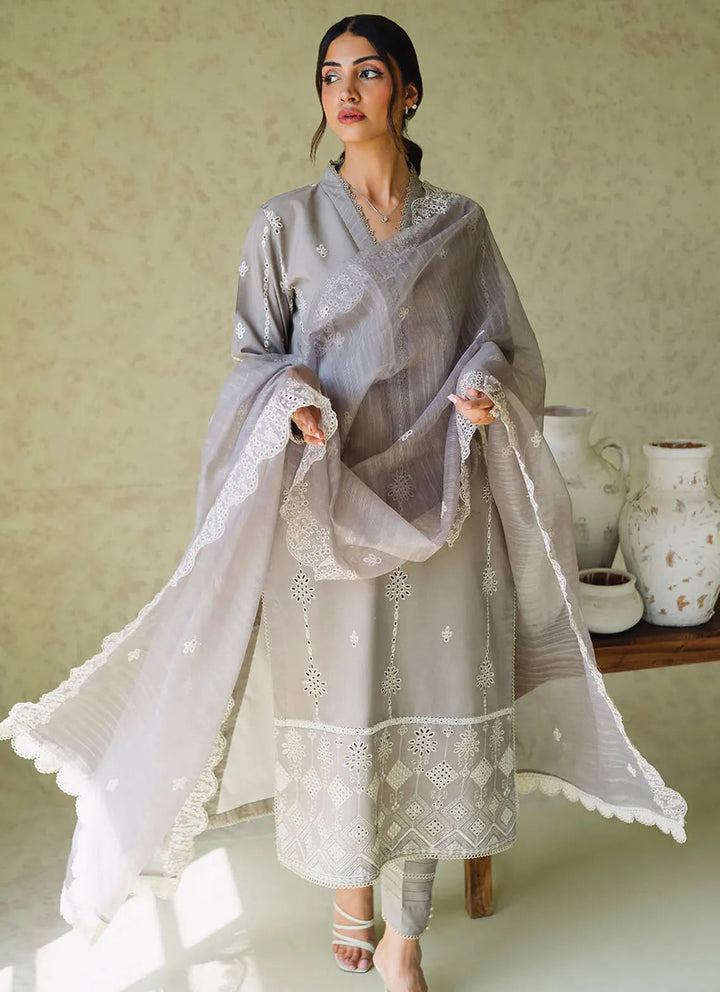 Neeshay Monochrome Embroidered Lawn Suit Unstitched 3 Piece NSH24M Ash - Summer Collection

==

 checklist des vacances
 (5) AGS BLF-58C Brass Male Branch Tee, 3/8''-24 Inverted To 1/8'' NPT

...

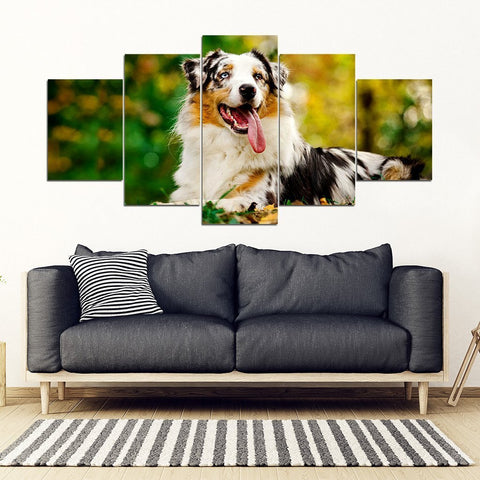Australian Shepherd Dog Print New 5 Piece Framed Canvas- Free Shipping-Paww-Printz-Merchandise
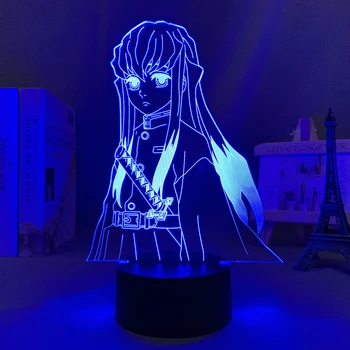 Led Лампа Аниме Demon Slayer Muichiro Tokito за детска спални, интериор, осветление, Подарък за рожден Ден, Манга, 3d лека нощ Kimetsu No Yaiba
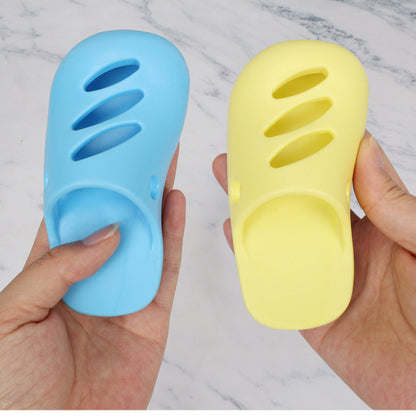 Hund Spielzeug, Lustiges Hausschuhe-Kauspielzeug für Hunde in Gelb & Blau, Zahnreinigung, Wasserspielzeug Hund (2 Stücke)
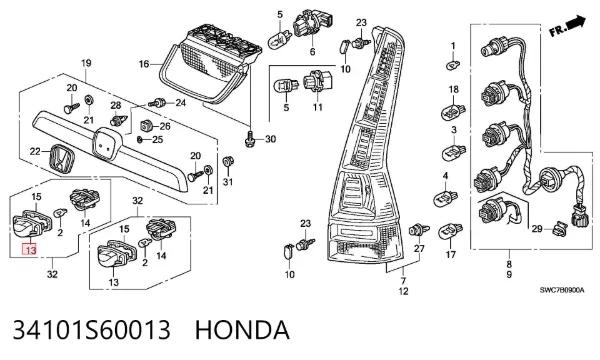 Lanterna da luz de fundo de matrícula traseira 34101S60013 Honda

» **Prompt**
Transcribe the records above exactly, beginning at the line that contains "checklist des vacances" and ending with the line that contains "(5) AGS BLF-58C", both included, and nothing else.

» **Exercise response**
 checklist des vacances
 (5) AGS BLF-58C Brass Male Branch Tee, 3/8''-24 Inverted To 1/8'' NPT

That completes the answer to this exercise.